My Fair Lady's Problematic Ending


With the recent announcement that the newest remake of Lerner and Lowe's classic musical adaptation of Bernard Shaw's Pygmalion is "shelved," we dig up an old debate. The ending of My Fair Lady (1964) is problematic.

The hero and the heroine argue about splitting up -and are so caustic to one another, they seem better off going their separate ways- but then they return to each other for no reason.

Eliza Doolittle (Audrey Hepburn) is a poor flower girl who wishes to speak well enough to raise her standard of living. A linguist, Professor Henry Higgins (Rex Harrison), takes on the challenge and teaches Eliza to speak and behave in a manner beyond her original goal of working in a flower shop. Higgins gets carried away and creates the appearance of a person who might be a duchess or a princess. [1]

The last big scene between the two of them discusses what should happen to Eliza after the experiment is over.  Higgins insists that she cannot make her way in life without him since, "There's not an idea in your head nor a word in your mouth that I haven't put there."

Eliza counters with a rousing, triumphant song called "Without You." They part and Higgins is left to ponder his life without Eliza. But at the last second, Eliza makes her way back to his home, leaving us to infer that they do end up living together.

Why return? That Higgins is decidedly abusive and incorrigible is not a post-modern, presentistic reading of the material; he is meant to be, as Eliza calls him, "a brute." If she's thoroughly free of him why return? Harrison's Higgins is so aloof, there is no hint of a romance between them and there is no real friendship. It makes very little sense that Eliza would benefit from further contact with this man.

Reading the original Shaw material, one discovers that we are not meant to know her choice.The play ends ambiguously with Eliza walking out and a smug Higgins believing that she will return. Whether she does or not is immaterial. The fact that she has a choice of many different lifestyles -live with Higgins as an "old bachelor," marry Higgins, marry lovelorn Freddy Eynsford-Hill, marry someone worthy of her, not marry at all- is where the trajectory of her life is leading. Choice is her triumph.

That makes sense.

To end showing her ultimate decision -whatever that might be- is to rob audience members of finishing the story for themselves.

The choice they end with in the 1964 version is particularly grim.

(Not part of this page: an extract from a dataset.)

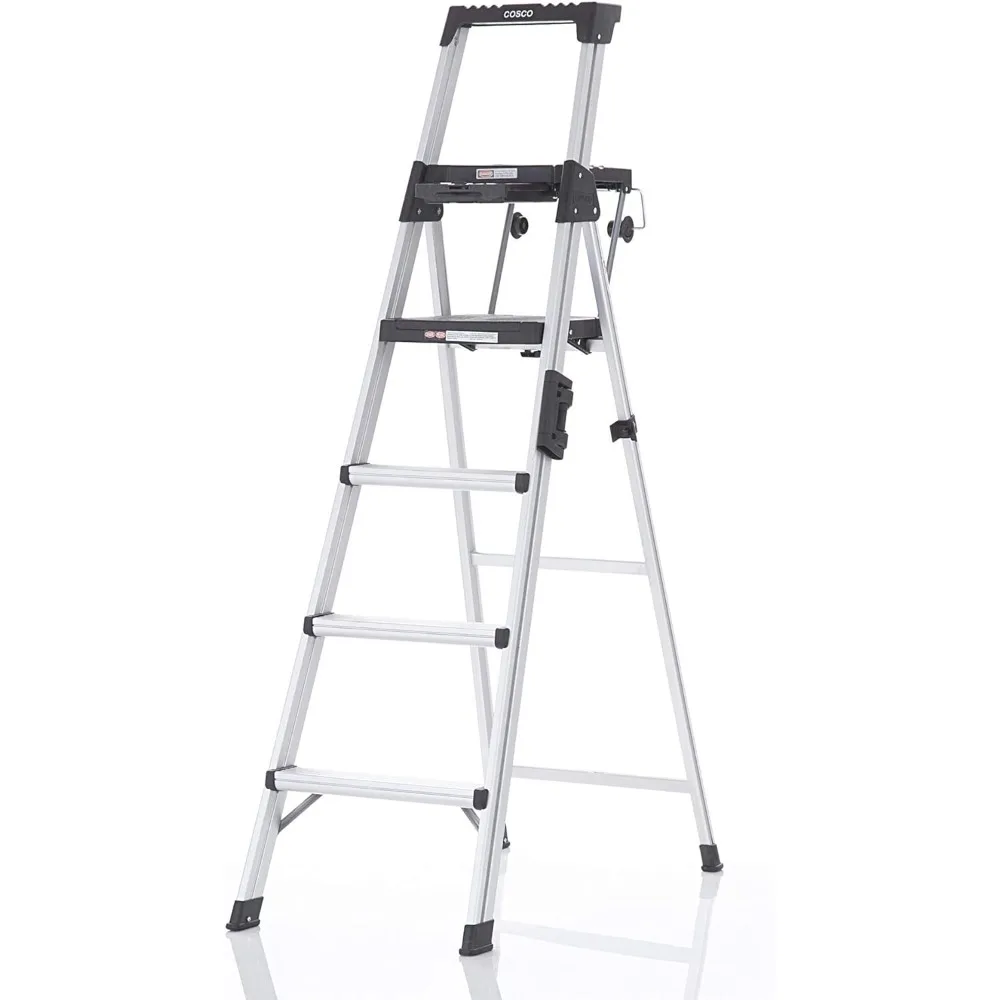 COSCO 6-foot Signature Series Aluminum Step Ladder, Type 1A, 300 lb. Capacity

Harrison plays Higgins with a relentless, brutal bite. [2] Which works since the original Higgins is meant to be incorrigible and manipulative.

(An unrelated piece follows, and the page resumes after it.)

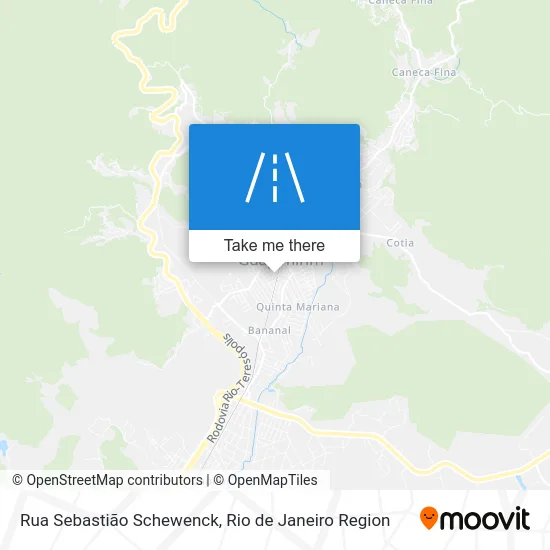 Rua Sebastião Schewenck map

However, this means that Eliza must match him in strength of will or else be a victim. Audrey Hepburn plays it strong throughout. She is a match for Harrison. However, that last scene seems to cancel everything. Hepburn gazes tenderly at Harrison as she returns to his realm and he says "Where the devil are my slippers?" This could be a simple playful reference to an earlier conversation, or he actually expects her to come back as his quasi-servant.

Because there isn't the slightest bit of tenderness that Eliza says she wants from Higgins [though one could argue there is affection for her in secret when Higgins is alone singing "I've Grown Accustomed to Her Face."], her return at the end is odd.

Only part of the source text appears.